* _Task material_:
________________

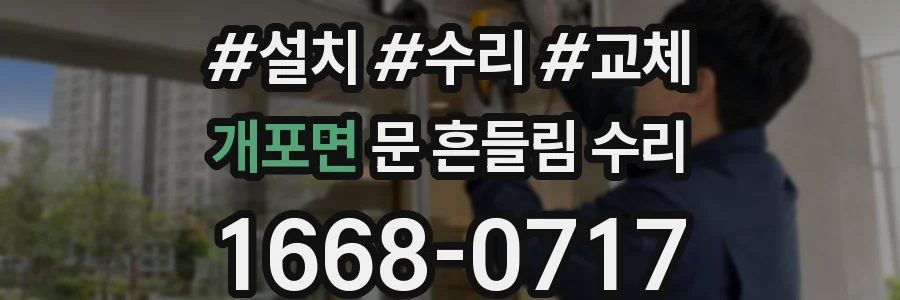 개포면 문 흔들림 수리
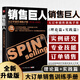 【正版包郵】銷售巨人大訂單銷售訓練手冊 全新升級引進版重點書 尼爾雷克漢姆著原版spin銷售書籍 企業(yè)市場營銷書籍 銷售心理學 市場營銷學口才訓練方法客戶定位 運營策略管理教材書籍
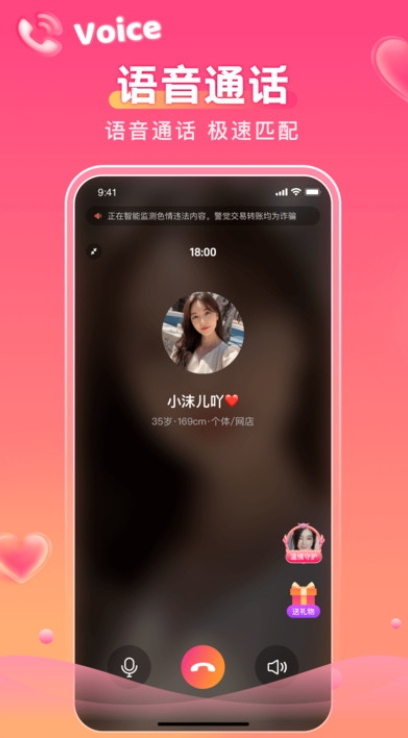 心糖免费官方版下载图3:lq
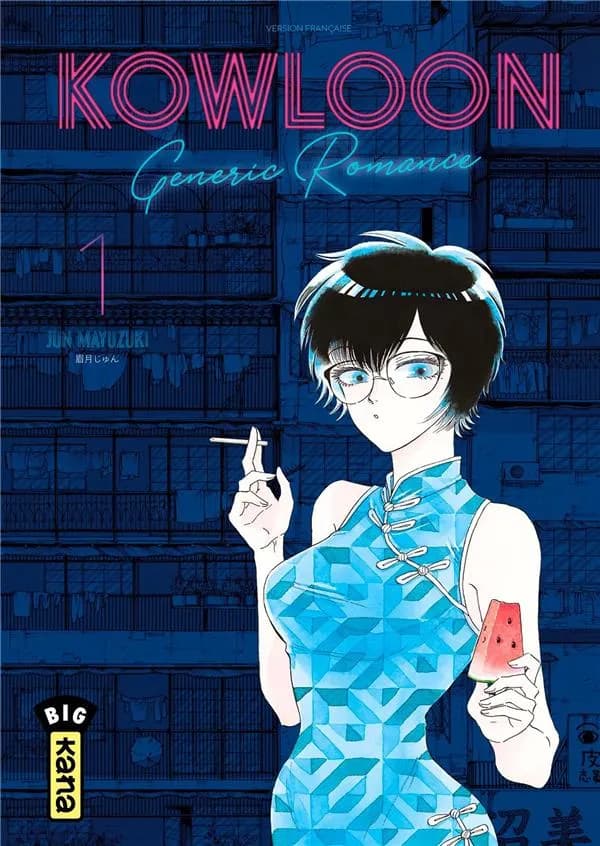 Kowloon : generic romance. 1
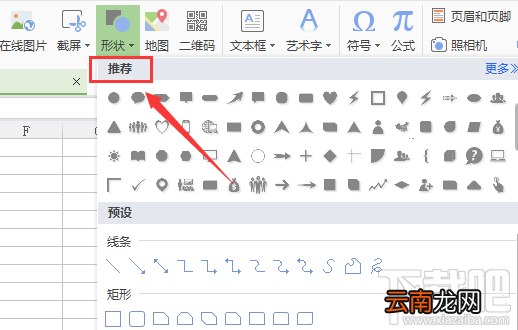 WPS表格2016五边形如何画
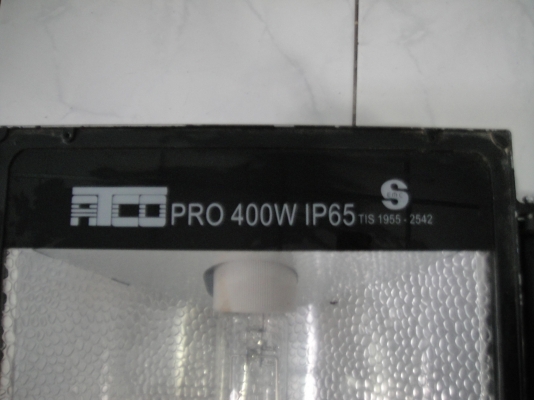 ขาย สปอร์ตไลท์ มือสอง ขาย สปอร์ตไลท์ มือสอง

________________

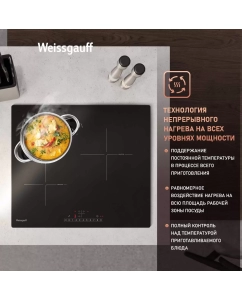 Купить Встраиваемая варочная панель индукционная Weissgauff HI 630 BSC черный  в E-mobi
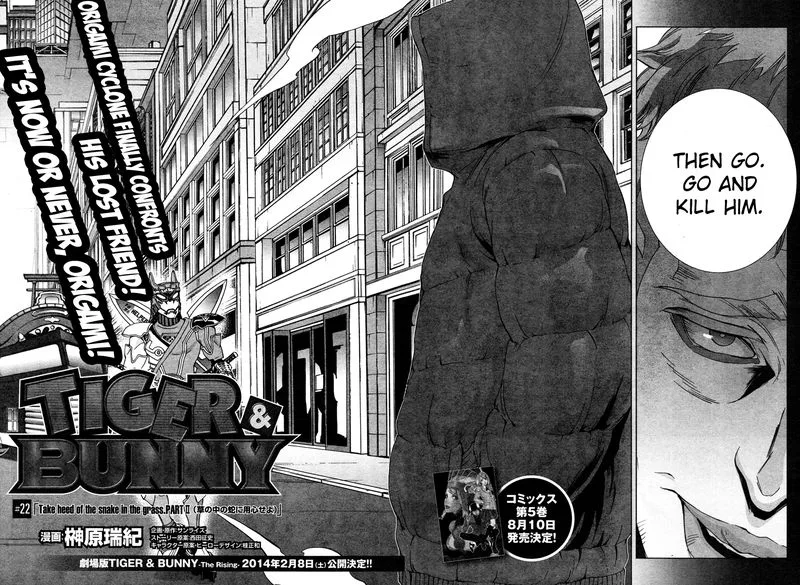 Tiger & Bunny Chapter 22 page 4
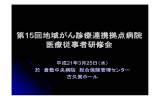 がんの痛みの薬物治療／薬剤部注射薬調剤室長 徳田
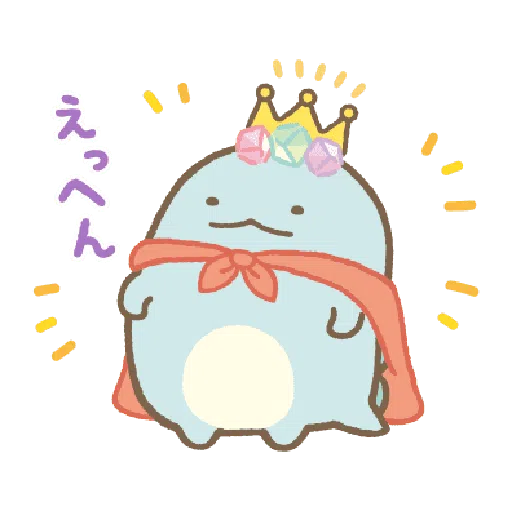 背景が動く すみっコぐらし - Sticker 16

________________

* _Goal of the exercise_: Output only the lines above from the one containing "がんの痛みの薬物治療／薬剤部注射薬調剤室長 徳田" to the one containing "背景が動く すみっコぐらし - Sticker 16", both included, exactly as written and with no pictures.

* _Result for this task_:
 がんの痛みの薬物治療／薬剤部注射薬調剤室長 徳田
 背景が動く すみっコぐらし - Sticker 16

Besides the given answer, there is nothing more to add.